The government has said it intends to retry Kelley on all of the charges, including theft and money-laundering counts that were not addressed in the appeal.

Kelley’s trial attorney, Angelo Calfo, said he would study the ruling before deciding on the next course of action.

Even before the verdict, Kelley had said he would not seek re-election. His term expires in January.

The government has alleged Kelley stole upward of $3 million from homebuyers during the pre-recession real-estate boom by failing to make refunds to clients of his now-shuttered real-estate reconveyance company, Post Closing Department.

Kelley’s trial involved more than 100 witnesses and tens of thousands of pages of exhibits. Prosecutors faced an uphill battle proving Kelley played any more fast and loose than many other reconveyance firms during the red-hot pre-recession real-estate market.
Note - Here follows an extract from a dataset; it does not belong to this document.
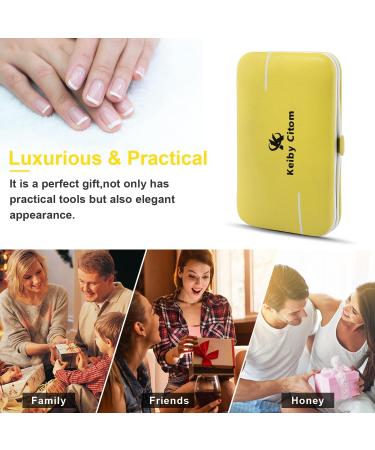 10pcs Professional Manicure Pedicure Set - Stainless Steel Nail Clippers Kit for Travel (Yellow) - Buy Online on GoSupps.com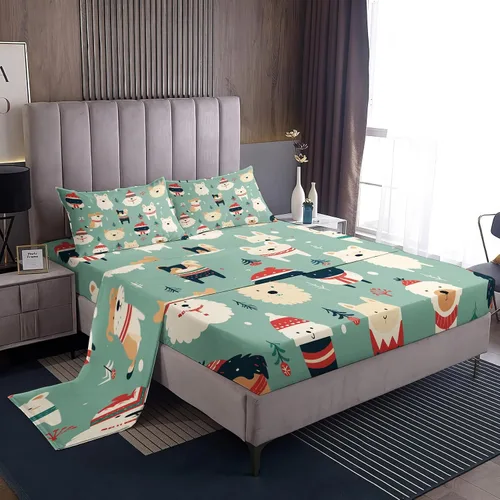 Vista 18 de Juego de sábanas de Navidad para cama individual, sábanas y fundas de almohada de microfibra de 3 piezas, juego de sábanas con estampado de muñeco Aa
Not making refunds was common and led to dozens of lawsuits, most of which were dismissed.

Kelley paid $1.1 million to settle one such lawsuit filed against Post Closing Department, according to records.

Kelley came under investigation by the IRS and the FBI after his successful 2012 campaign for auditor when his opponent pointed to a 2009 lawsuit alleging that, while operating Post Closing Department, Kelley failed to refund real-estate fees to homebuyers.

The investigation focused on the dealings of the company between 2003 and 2008.

Prosecutors said the company collected between $120 and $140 from each of tens of thousands of escrow customers to perform services Kelley promised could be done for between $10 and $20. The remainder of the money, according to testimony at his trial, was intended to cover county and recording fees.

Any money left over was supposed to be refunded but wasn’t, prosecutors said. Kelley, they alleged, amassed more than $3 million in unrefunded fees, at least $1.4 million of which was fraudulently retained.